5 500 Tunisiens partis se battre sur des fronts du djihad
L’ascendant pris par l’EI résulte de sa plus grande capacité à attirer désormais une frange radicalisée de la jeunesse tunisienne qui, réactualisant une vieille tradition tunisienne de moudjahidine (combattants) s’enrôlant sur des fronts étrangers (causes du nationalisme arabe dans les années 1950, 1960 et 1970), est particulièrement exposée à la tentation du djihad international. Selon des chiffres contenus dans une étude des Nations unies publiée l’été 2015, quelque 5 500 Tunisiens seraient partis se battre sur divers fronts étrangers du djihad (tous groupes confondus). La Syrie en absorbe l’essentiel (4 000), devant la Libye (entre 1 000 et 1 500). Là est le cruel paradoxe tunisien : alors que la Tunisie est le théâtre, depuis son « printemps » de 2011, d’une transition démocratique unique dans le monde arabo-musulman, elle est simultanément le plus gros exportateur mondial de djihadistes (au regard de sa population de 11 millions d’habitants).
L’autre raison de l’hégémonie acquise par l’EI dans la mouvance djihadiste est que le réseau de l’AQMI a davantage été touché par la répression des forces de sécurité. Au lendemain de l’attentat du musée du Bardo, les autorités ont mené une offensive résolue contre les maquis d’Okba Ibn-Nafaa dans le Centre-Ouest, tuant, le 28 mars 2015, son chef, l’Algérien Khaled Chaïb, alias Lokman Abou Sakhr. Sa mort a de toute évidence affaibli la brigade liée à AQMI.
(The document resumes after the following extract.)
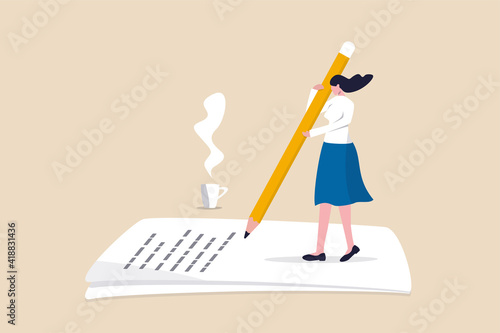 Content writer, blogger, bullet journalist or publishing editor concept, young smart woman freelance holding big pencil thinking and writing content on notepad paper with cup of coffee. photo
Enfin, l’enracinement de l’EI en Tunisie se nourrit directement de sa dynamique d’implantation dans la Libye voisine, où le chaos politico-militaire a permis l’éclosion de bases djihadistes. Les djihadistes tunisiens sont en nombre à Syrte, la place forte de l’EI sur le littoral central de la Libye, mais ils étaient aussi très actifs autour de Sabratha (située à 100 km de la frontière tunisienne), où l’EI disposait d’une présence plus discrète. Le raid américain du 19 février contre une ferme près de Sabratha, où une cinquantaine d’extrémistes (dont la majorité était de nationalité tunisienne) ont péri, a redistribué la donne stratégique dans cette région.
Confrontés désormais à l’hostilité de milices libyennes liées à Fajr Libya (« aube de la Libye »), la coalition politico-militaire qui domine la région de la Tripolitaine à partir de Tripoli, les groupes de l’EI ont dû se disperser, ce qui a eu pour effet de les rabattre sur la frontière tunisienne toute proche. Selon des analystes à Tunis, le projet d’établir une willaya (province) de l’EI à Ben Gardane a pu ainsi voir sa tentative d’exécution accélérée. Les assaillants du 7 mars ont pu agir – dans un premier temps – avec d’autant plus d’aisance que nombre d’entre eux étaient originaires de la ville. Ils opéraient d’une certaine manière leur retour au pays après le détour libyen. C’est cet effet boomerang qui n’en finit pas de menacer désormais la Tunisie, dont la transition démocratique post-2011 est un contre-modèle à abattre pour les djihadistes.